Blessed Peter Kasui Kibe was a Japanese Christian who felt called to be a Jesuit priest. He was born in 1587 in Bungo, Japan to Christian parents, an often-persecuted minority in Japan. When he was a teenager, Peter decided he wanted to become a Jesuit priest.
In 1614, the emperor ordered the deportation of Christians, and Peter was exiled to Macau, an island off the coast of China. In Macau, however, Peter learned Latin and theology at the seminary. Peter applied for ordination, but the Jesuits in Macau were deeply prejudiced against native priests. Peter was determined, however. He left the school with the goal of attending seminary in Rome. Taking a ship around the coast of India, Peter landed in Goa, where St. Francis Xavier, the great Jesuit missionary, had landed many years before.

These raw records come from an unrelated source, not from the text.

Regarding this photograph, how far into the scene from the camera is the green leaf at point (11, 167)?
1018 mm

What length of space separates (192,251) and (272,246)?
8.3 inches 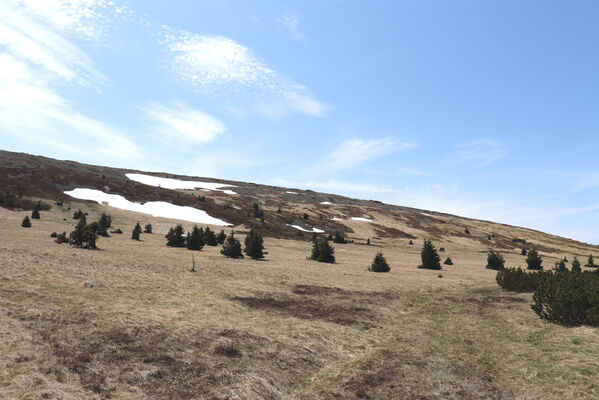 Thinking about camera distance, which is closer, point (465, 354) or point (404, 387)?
point (404, 387)

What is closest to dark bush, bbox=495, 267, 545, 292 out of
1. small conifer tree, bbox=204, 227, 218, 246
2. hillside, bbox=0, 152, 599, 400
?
hillside, bbox=0, 152, 599, 400

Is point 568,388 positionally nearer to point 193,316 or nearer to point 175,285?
point 193,316

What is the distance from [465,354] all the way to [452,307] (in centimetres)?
831

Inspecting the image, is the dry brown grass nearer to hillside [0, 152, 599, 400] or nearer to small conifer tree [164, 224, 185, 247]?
hillside [0, 152, 599, 400]

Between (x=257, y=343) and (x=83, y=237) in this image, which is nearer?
(x=257, y=343)

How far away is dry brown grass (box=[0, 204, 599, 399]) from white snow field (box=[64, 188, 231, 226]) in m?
59.9

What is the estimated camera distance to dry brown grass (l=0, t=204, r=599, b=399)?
8.24 m

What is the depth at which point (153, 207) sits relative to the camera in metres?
84.4

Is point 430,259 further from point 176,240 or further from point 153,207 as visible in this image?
point 153,207

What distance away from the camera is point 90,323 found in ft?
36.7

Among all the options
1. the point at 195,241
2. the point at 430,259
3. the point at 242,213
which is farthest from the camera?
the point at 242,213

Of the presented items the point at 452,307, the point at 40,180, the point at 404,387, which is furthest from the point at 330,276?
the point at 40,180

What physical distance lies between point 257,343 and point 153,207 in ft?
265

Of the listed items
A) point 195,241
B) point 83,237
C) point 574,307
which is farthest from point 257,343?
point 195,241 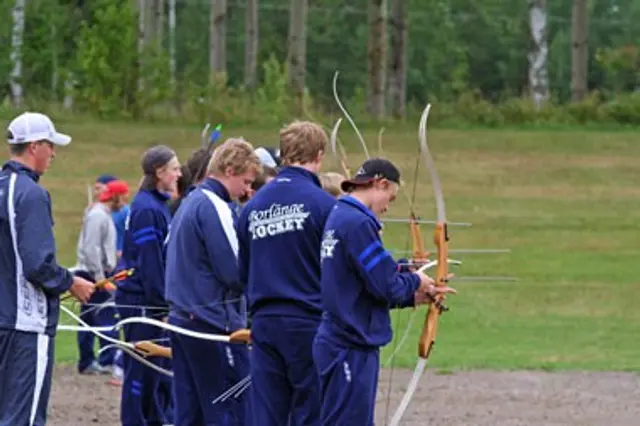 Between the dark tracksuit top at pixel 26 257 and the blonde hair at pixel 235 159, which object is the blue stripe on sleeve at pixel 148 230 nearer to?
the blonde hair at pixel 235 159

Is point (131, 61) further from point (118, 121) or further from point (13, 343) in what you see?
point (13, 343)

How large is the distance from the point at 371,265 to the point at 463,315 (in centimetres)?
1354

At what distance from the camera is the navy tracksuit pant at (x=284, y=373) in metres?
9.28

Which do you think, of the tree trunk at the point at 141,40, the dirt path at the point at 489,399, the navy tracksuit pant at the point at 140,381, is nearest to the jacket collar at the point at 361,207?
the navy tracksuit pant at the point at 140,381

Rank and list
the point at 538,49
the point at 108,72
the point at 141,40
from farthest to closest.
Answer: the point at 141,40
the point at 538,49
the point at 108,72

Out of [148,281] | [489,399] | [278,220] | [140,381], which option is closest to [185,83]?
[489,399]

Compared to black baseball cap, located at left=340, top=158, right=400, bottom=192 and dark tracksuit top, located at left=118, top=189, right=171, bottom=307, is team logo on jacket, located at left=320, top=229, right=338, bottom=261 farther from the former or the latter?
dark tracksuit top, located at left=118, top=189, right=171, bottom=307

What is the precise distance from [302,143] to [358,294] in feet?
3.31

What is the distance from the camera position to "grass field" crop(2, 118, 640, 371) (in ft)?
63.8

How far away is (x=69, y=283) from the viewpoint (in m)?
9.39

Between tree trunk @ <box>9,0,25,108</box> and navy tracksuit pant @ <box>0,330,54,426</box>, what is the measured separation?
33.1 metres

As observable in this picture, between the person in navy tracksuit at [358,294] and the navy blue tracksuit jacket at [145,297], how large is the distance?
124 inches

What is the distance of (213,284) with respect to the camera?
10062 mm

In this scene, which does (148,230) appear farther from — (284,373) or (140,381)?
(284,373) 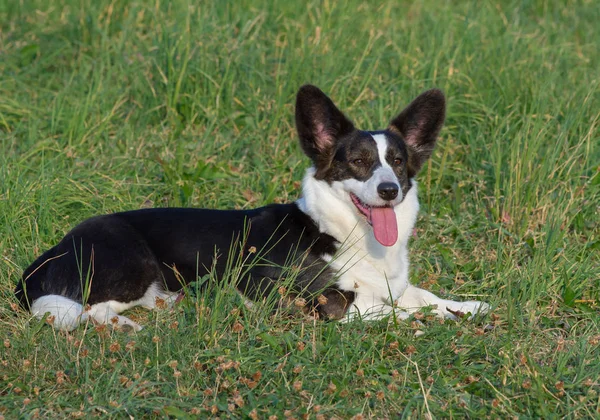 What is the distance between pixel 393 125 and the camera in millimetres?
4359

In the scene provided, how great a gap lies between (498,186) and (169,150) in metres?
2.08

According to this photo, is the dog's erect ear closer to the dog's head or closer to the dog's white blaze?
the dog's head

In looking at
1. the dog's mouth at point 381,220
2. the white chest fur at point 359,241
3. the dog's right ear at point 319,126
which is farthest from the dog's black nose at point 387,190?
the dog's right ear at point 319,126

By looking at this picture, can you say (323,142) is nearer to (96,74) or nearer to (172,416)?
(172,416)

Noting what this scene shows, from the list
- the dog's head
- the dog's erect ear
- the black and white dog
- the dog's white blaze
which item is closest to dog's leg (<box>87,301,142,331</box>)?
the black and white dog

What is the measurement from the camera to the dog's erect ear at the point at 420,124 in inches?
171

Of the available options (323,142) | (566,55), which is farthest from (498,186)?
(566,55)

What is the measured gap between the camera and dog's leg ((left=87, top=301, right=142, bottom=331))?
12.3 ft

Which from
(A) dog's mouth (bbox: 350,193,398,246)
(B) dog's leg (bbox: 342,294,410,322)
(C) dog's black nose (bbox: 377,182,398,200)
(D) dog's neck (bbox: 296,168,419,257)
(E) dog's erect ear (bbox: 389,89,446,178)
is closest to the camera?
(B) dog's leg (bbox: 342,294,410,322)

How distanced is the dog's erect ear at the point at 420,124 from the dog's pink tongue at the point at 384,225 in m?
0.36

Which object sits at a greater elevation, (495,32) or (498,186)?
(495,32)

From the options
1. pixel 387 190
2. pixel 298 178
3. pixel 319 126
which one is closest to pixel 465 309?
pixel 387 190

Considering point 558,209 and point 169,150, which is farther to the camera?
point 169,150

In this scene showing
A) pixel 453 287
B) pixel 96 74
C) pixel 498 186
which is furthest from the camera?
pixel 96 74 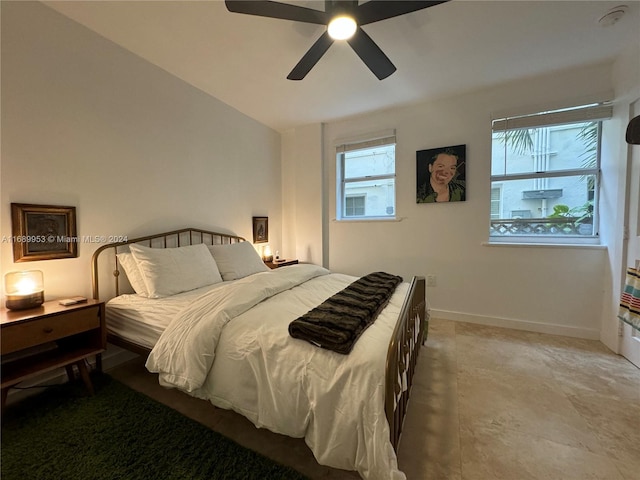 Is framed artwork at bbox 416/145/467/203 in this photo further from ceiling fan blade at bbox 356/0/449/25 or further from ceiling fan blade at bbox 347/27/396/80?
ceiling fan blade at bbox 356/0/449/25

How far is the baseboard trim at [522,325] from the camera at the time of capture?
8.64 ft

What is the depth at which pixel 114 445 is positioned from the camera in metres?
1.39

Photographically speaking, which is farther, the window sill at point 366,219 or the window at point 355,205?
the window at point 355,205

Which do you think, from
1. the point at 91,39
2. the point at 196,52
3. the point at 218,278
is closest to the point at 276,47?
the point at 196,52

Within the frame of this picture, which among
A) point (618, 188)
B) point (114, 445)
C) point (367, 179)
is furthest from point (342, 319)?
point (618, 188)

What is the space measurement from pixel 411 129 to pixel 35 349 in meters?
4.01

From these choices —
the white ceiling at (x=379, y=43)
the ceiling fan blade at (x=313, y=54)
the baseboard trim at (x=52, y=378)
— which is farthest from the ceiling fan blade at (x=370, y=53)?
the baseboard trim at (x=52, y=378)

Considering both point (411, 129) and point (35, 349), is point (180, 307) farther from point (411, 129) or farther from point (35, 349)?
point (411, 129)

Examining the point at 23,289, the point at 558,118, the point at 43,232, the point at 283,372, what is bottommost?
the point at 283,372

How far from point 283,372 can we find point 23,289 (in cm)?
173

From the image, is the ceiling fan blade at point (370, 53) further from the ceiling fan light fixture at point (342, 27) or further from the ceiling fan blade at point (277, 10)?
the ceiling fan blade at point (277, 10)

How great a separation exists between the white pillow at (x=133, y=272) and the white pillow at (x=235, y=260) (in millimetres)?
691

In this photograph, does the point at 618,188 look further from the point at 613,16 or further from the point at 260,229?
the point at 260,229

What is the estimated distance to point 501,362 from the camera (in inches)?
86.8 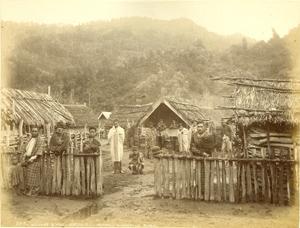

He went to Portuguese Malacca and Goa in Portuguese India by ship and then left for Europe on foot via Persia, the Strait of Hormuz and Baghdad, finally becoming the first Japanese Christian to arrive in Jerusalem, walking over 3,700 miles to his destination. After a difficult journey that lasted three years, he arrived in Rome after sailing through the Mediterranean Sea. In Rome, Jesuits examined Kibe and found out he had enough knowledge and was suited for the priesthood. On November 15, 1620, he became a Jesuit priest at age of 32 at the Basilica of St. John Lateran.
Fr. Peter Kibe departed Rome in 1623 for India. Father Kibe had a hard decision to return to Japan due to the risk of being a martyr as Japan oppressed Christians and Christian priests' entry to Japan was forbidden, but he knew he had a calling to serve the beleaguered Christians in his home country. He had a very hard time finding a ship that would allow him to board. He traveled around Southeast Asia, and then finally he succeeded in boarding a ship from Manila to Japan in 1630. The shipwrecked, but reached Kagoshima in southern Japan. He was finally able to return to Japan sixteen years after he left home.
Father Kibe hid and escaped from severe oppression and exposure. He went to northeast Japan via Nagasaki and encouraged Christians to practice their faith. For nine years he discretely ministered to Christians until one day he was betrayed when a fellow believer, hungry and poor, sold him out to the Shogun. Kibe was taken to Edo, the imperial capital that is today Tokyo. There he was imprisoned, interrogated, and tortured. Along with two other Christians, he was hung upside-down and eventually executed by the thrust of a guard's spear on July 4, 1639.
The Father Kibe Memorial Park, founded by Father Sekki, can be found in Oita, Japan. Blessed Peter Kibe's statue, which was made by Yasutake Funakoshi, stands at the park. On May 7, 2006, the Roman Curia Congregation for the Causes of Saints declared Father Kibe, along with 187 other Japanese Christians who were martyred, Blessed.
The beatification of Peter Kibe and 187 other martyrs took place on November 24, 2008, in Nagasaki. More than 30,000 people attended the liturgical celebration in Nagasaki Stadium.